PART VII - Karenina

134 10 2
                                    


Aku memandang hampa pantulan diriku di cermin. Dua orang penata rias sibuk mendadaniku.

Kuperhatikan pantulan gaunku dari dalam cermin. Sebuah gaun dengan model mengembang bak cinderella, bagian atasnya berbahan brukat berwarna merah, sedangkan bagian bawahnya – bagian dengan rok mengembang – berbahan kain dengan motif batik berwarna merah dan hitam. Pada bagian perut gaun tersebut terdapat semacam tali yang mengelilingi gaun, dan dibagian depannya berbentuk seperti bunga mawar yang mekar, sama dengan motif pada kain tersebut.

Jujur ku akui, aku menyukai gaun ini.

Aku jatuh cinta pada pandangan pertama aku melihatnya. Tidak telalu mewah. Tapi elegan dan anggun. Mencitrakan karakter diriku yang sebenarnya.

Oh iya, kembali ke persoalan pertunanganku, aku tak pernah menyangka bahwa pertunangan ini akan benar-benar terlaksana. Mengingat Isaac menolak habis-habisan rencana pertunangan ini.

Dan menurutmu aku bisa apa?

Aku tidak berani menolak pertunangan ini. Papi bisa mengulitiku hidup-hidup.

Kau taulah, sebagai seorang anak bangsawan, aku di doktrin dengan aturan agar selalu menurut kepada kedua orangtuaku. Peraturan nomor satu, perkataan Papi adalah perintah yang tidak dapat dibantah. Jika kau membantah, ingat peraturan nomor satu.

Aku yakin Isaac juga mengalami hal yang sama. Apalagi ia adalah seorang Putra Mahkota.

Mengenai pertunangan ini, aku tidak merasakan apapun. Maksudku... aku tak berpikir ini sesuatu yang buruk. Tidak juga merasa bahwa ini sesuatu yang baik.
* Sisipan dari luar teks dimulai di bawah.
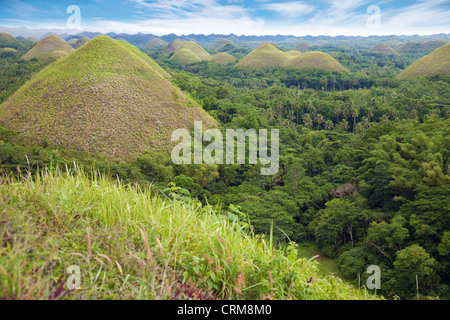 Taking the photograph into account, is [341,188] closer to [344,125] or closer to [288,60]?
[344,125]

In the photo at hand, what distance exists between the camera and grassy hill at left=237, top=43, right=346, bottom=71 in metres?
94.2

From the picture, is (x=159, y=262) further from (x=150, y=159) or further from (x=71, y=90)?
(x=71, y=90)

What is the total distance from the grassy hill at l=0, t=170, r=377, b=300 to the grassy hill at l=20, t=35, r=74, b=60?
112033 millimetres

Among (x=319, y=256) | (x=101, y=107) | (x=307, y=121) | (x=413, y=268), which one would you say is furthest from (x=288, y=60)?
(x=413, y=268)

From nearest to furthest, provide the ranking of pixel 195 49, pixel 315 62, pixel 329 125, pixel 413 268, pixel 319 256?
pixel 413 268, pixel 319 256, pixel 329 125, pixel 315 62, pixel 195 49

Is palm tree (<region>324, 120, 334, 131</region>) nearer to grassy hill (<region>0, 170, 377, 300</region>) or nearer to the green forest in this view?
the green forest

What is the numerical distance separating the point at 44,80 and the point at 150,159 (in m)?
20.2

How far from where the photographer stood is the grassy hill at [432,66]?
71.2 m

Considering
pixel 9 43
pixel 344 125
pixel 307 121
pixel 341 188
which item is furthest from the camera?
pixel 9 43

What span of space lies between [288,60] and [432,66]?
147 ft

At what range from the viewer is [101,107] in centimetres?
3164

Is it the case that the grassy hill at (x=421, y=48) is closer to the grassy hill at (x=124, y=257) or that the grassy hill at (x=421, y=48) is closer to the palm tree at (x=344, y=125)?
the palm tree at (x=344, y=125)

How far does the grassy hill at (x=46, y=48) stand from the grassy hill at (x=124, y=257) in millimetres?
112033

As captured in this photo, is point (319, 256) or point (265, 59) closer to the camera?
point (319, 256)
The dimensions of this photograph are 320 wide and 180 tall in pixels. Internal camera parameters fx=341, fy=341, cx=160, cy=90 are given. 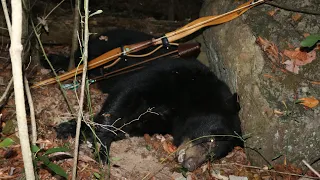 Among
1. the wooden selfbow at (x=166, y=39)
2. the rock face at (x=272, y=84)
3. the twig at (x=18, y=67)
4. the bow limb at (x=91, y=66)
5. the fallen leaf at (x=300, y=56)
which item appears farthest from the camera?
the wooden selfbow at (x=166, y=39)

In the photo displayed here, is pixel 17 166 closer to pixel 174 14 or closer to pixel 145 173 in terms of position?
pixel 145 173

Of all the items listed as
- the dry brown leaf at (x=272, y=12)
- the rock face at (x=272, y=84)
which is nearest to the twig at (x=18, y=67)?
the rock face at (x=272, y=84)

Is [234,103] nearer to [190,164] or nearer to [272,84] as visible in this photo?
[272,84]

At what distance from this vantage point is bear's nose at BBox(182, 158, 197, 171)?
445cm

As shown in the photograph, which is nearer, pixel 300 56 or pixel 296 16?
pixel 300 56

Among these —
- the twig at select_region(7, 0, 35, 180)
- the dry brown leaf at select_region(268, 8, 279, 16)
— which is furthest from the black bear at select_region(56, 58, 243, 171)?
the twig at select_region(7, 0, 35, 180)

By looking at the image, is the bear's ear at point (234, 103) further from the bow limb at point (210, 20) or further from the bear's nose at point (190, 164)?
the bow limb at point (210, 20)

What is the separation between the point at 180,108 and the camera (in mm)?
5176

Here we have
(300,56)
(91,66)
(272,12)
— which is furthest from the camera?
(272,12)

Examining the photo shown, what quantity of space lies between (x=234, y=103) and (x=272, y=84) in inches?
22.1

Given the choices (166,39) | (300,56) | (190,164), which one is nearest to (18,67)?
(190,164)

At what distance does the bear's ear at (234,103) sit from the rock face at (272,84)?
0.27 feet

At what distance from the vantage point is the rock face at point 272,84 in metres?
4.21

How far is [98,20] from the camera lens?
260 inches
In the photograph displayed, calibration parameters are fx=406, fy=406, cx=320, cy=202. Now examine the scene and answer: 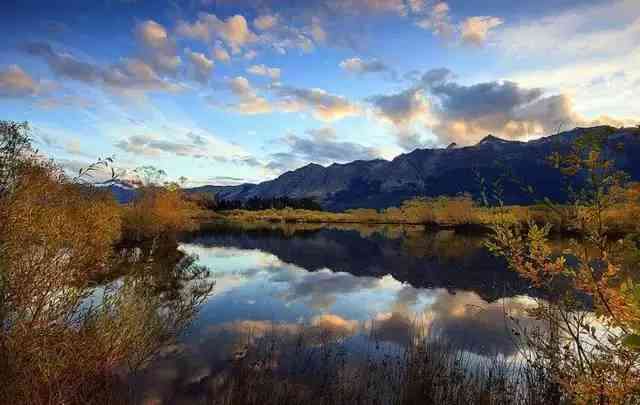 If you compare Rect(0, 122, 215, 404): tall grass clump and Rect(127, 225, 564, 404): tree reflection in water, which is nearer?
Rect(0, 122, 215, 404): tall grass clump

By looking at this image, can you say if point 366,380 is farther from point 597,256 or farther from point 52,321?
point 52,321

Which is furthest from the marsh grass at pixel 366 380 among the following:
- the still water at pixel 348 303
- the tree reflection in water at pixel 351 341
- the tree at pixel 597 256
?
the tree at pixel 597 256

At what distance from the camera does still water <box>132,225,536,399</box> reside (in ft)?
43.0

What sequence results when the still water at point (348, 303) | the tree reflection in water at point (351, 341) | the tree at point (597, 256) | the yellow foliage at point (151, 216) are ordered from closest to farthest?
the tree at point (597, 256) → the tree reflection in water at point (351, 341) → the still water at point (348, 303) → the yellow foliage at point (151, 216)

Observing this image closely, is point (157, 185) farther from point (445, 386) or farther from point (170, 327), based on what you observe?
point (445, 386)

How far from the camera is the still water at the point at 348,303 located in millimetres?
13109

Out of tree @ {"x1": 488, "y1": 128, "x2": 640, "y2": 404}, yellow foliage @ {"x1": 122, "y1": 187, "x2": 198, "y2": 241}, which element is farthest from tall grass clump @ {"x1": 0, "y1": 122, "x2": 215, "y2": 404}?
yellow foliage @ {"x1": 122, "y1": 187, "x2": 198, "y2": 241}

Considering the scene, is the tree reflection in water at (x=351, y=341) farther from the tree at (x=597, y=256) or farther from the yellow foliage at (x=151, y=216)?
the yellow foliage at (x=151, y=216)

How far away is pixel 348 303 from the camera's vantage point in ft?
73.2

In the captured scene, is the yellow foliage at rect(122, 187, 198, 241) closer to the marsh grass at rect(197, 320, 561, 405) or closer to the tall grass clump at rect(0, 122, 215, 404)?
the tall grass clump at rect(0, 122, 215, 404)

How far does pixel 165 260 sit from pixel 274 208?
389 ft

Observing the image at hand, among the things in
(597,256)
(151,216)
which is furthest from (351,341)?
(151,216)

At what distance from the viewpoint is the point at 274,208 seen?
151625 mm

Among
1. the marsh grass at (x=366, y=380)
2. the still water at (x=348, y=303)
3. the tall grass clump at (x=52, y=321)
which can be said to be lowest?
the still water at (x=348, y=303) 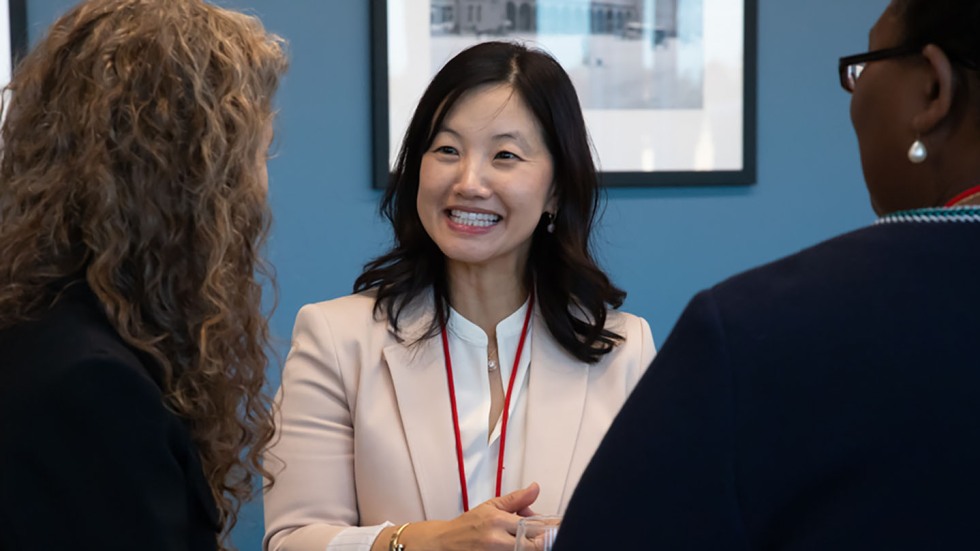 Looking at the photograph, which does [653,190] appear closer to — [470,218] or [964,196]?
[470,218]

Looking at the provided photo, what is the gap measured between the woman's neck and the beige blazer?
0.07 meters

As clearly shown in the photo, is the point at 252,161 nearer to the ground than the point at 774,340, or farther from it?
farther from it

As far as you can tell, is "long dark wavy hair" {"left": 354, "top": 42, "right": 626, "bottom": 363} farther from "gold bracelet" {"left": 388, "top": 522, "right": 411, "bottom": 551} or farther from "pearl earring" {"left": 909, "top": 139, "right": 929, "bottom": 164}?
"pearl earring" {"left": 909, "top": 139, "right": 929, "bottom": 164}

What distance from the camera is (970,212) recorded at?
0.81 m

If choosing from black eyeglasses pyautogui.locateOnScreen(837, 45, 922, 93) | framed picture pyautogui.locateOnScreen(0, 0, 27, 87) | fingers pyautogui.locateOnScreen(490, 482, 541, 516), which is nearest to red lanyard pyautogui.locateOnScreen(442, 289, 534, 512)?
fingers pyautogui.locateOnScreen(490, 482, 541, 516)

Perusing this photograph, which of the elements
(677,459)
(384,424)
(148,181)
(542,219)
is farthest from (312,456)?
(677,459)

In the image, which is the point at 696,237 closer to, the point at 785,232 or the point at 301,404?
the point at 785,232

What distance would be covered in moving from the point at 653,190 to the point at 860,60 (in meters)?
2.34

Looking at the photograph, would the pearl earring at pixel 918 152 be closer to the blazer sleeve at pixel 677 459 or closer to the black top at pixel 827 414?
the black top at pixel 827 414

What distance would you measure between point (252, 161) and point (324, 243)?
1697 millimetres

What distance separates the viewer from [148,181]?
1.17 meters

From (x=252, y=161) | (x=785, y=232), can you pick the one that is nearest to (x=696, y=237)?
(x=785, y=232)

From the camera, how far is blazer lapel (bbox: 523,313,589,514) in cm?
193

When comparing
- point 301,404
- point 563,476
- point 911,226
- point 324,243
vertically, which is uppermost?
point 911,226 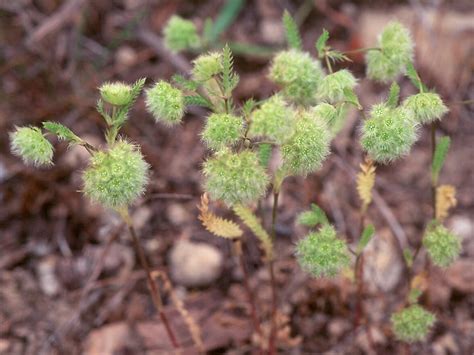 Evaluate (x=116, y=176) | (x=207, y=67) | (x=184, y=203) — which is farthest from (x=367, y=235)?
(x=184, y=203)

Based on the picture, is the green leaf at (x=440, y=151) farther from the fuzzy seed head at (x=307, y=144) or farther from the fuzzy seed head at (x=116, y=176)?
the fuzzy seed head at (x=116, y=176)

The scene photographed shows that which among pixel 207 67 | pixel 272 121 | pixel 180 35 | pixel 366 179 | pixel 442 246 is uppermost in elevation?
pixel 180 35

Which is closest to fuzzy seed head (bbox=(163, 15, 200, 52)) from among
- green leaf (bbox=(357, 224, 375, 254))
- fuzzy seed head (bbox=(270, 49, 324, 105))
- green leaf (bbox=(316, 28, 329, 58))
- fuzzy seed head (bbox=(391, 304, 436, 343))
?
fuzzy seed head (bbox=(270, 49, 324, 105))

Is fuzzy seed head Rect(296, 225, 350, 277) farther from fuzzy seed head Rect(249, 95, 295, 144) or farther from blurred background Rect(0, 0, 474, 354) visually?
blurred background Rect(0, 0, 474, 354)

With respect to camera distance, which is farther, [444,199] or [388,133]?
[444,199]

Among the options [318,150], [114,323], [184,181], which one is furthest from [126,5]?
[318,150]

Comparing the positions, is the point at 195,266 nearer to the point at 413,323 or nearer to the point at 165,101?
the point at 413,323

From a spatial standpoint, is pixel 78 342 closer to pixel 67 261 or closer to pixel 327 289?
pixel 67 261
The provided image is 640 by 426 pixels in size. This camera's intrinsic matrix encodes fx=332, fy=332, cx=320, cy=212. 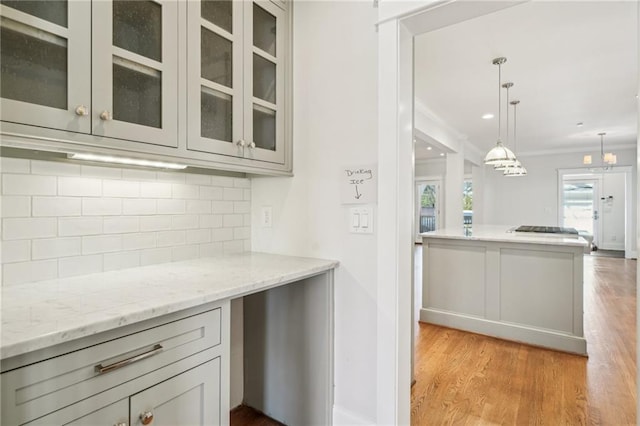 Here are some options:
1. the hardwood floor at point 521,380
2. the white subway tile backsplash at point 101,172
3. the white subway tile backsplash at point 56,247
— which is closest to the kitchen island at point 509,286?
the hardwood floor at point 521,380

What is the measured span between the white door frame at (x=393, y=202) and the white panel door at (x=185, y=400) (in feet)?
2.43

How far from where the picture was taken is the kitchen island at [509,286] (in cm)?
285

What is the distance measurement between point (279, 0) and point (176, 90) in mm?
850

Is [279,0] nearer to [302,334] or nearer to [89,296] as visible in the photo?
[89,296]

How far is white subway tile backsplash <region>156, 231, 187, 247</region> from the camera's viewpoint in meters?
1.57

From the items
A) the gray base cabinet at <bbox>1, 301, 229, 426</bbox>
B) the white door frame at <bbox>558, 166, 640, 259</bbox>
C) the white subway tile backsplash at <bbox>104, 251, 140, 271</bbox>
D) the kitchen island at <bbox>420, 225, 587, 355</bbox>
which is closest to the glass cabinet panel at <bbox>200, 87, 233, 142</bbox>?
the white subway tile backsplash at <bbox>104, 251, 140, 271</bbox>

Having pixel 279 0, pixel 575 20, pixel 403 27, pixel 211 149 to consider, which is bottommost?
pixel 211 149

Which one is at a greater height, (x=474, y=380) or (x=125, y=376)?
(x=125, y=376)

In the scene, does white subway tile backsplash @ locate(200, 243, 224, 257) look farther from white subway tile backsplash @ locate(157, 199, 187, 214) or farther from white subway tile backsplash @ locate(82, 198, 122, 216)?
white subway tile backsplash @ locate(82, 198, 122, 216)

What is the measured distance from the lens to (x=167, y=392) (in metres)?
1.00

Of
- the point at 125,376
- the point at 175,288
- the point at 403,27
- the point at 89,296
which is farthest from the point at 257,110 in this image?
the point at 125,376

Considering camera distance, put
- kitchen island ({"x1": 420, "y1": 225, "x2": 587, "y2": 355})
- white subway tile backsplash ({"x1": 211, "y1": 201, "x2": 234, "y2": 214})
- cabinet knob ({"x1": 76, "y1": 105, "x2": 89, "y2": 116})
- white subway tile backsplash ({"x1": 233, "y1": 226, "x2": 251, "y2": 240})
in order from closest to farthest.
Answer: cabinet knob ({"x1": 76, "y1": 105, "x2": 89, "y2": 116})
white subway tile backsplash ({"x1": 211, "y1": 201, "x2": 234, "y2": 214})
white subway tile backsplash ({"x1": 233, "y1": 226, "x2": 251, "y2": 240})
kitchen island ({"x1": 420, "y1": 225, "x2": 587, "y2": 355})

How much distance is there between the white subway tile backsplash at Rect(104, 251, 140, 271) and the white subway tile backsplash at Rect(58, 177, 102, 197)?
0.26 m

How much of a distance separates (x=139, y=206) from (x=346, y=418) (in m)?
1.40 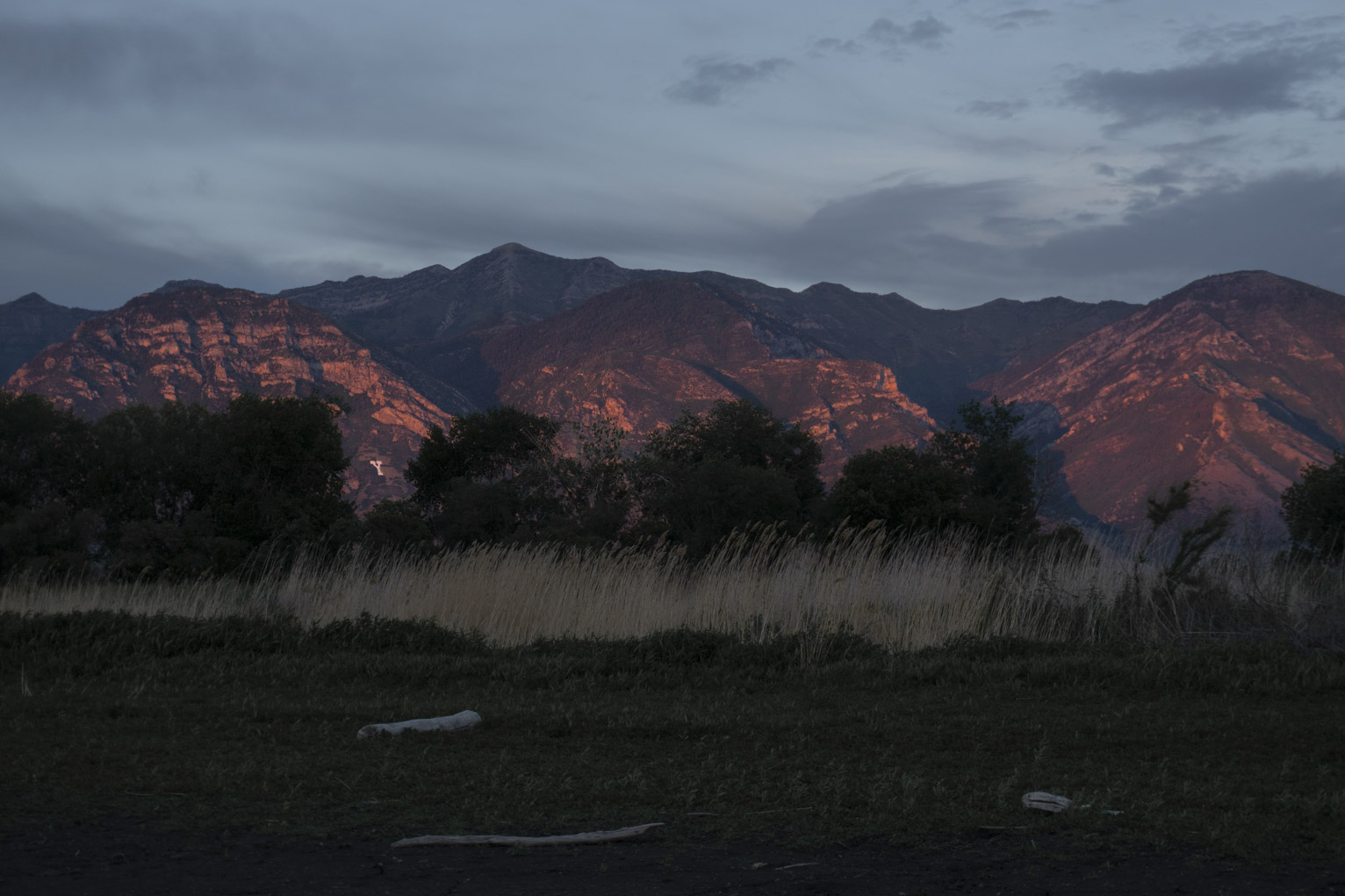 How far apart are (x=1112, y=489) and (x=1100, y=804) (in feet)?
449

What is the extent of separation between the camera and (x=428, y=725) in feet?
20.3

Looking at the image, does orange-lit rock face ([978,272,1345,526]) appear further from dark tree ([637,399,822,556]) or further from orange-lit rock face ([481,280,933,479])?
dark tree ([637,399,822,556])

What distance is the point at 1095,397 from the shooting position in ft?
556

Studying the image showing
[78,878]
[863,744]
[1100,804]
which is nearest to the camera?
[78,878]

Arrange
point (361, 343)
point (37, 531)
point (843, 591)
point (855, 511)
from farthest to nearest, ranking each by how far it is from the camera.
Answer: point (361, 343) → point (37, 531) → point (855, 511) → point (843, 591)

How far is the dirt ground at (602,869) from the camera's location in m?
3.51

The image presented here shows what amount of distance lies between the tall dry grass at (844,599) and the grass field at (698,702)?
0.14 feet

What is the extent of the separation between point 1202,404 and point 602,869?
157m

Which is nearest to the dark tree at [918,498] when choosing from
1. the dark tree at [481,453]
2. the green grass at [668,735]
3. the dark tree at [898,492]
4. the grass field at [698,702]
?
the dark tree at [898,492]

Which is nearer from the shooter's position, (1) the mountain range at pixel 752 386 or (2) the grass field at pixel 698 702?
(2) the grass field at pixel 698 702

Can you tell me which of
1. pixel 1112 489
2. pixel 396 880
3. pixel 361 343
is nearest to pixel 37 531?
pixel 396 880

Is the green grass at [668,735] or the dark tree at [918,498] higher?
the dark tree at [918,498]

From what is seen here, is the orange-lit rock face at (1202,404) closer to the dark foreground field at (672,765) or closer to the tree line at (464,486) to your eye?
the tree line at (464,486)

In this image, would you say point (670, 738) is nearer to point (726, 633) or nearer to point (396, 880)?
point (396, 880) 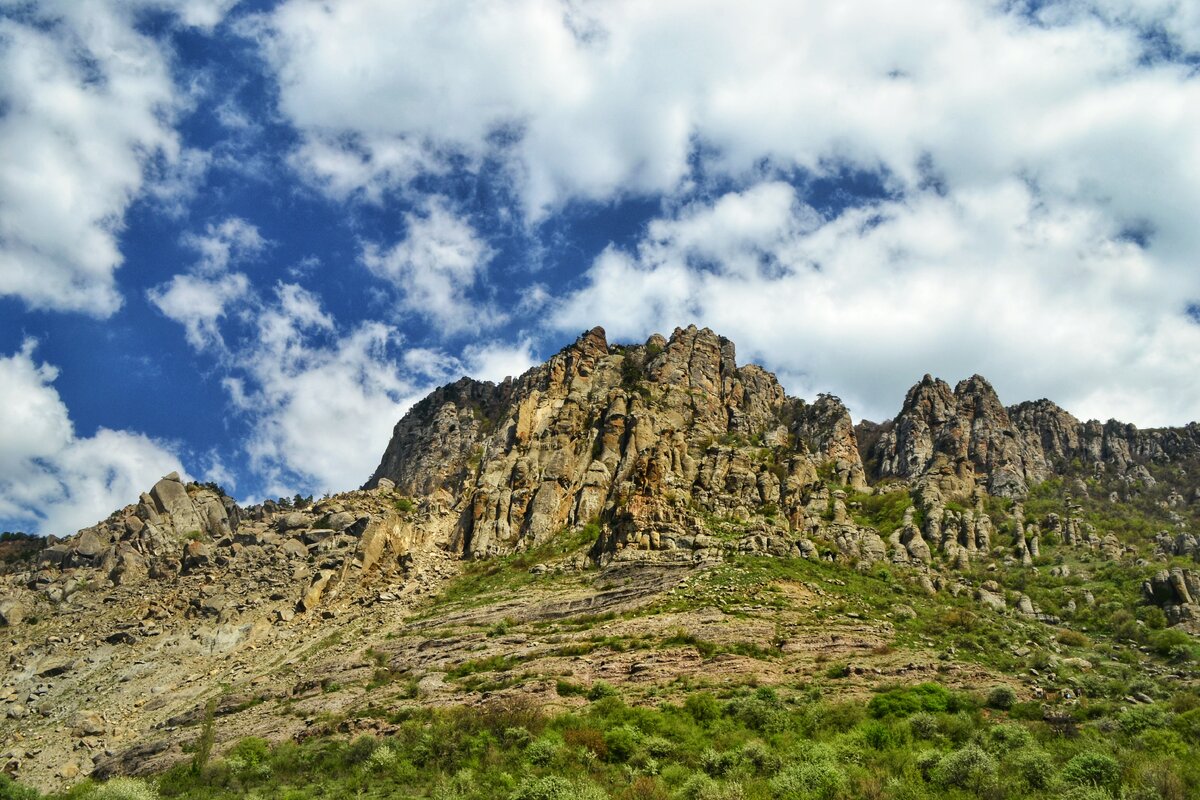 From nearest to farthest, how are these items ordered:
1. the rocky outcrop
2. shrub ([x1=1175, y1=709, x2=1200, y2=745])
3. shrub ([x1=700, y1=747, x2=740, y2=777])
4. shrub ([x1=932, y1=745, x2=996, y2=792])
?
shrub ([x1=932, y1=745, x2=996, y2=792]) → shrub ([x1=1175, y1=709, x2=1200, y2=745]) → shrub ([x1=700, y1=747, x2=740, y2=777]) → the rocky outcrop

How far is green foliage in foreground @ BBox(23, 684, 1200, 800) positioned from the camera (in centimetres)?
2516

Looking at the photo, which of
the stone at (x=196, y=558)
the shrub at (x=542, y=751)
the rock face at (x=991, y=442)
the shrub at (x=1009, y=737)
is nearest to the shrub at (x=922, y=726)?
the shrub at (x=1009, y=737)

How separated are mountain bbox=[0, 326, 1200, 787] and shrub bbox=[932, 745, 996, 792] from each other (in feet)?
35.1

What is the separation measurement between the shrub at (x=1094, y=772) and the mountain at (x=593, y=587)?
1021 centimetres

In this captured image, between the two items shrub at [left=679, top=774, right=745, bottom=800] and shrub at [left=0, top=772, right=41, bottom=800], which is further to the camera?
shrub at [left=0, top=772, right=41, bottom=800]

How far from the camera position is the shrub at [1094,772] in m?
23.8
Biasa saja.

Tidak ada yang spesial.

Satu hal yang kusadari, bahwa cepat atau lambat statusku akan berubah. Dari hanya seorang Bangsawan biasa, menjadi seorang Putri Mahkota. Dari hanya seorang gadis biasa, menjadi seorang istri.

Seumur hidupku aku terkekang oleh aturan. Karena lahir dengan seperti ini, aku benar-benar tidak merasakan apapun.

Mati rasa, ya?

Hahaahaha... bisa juga kau mengartikannya seperti itu.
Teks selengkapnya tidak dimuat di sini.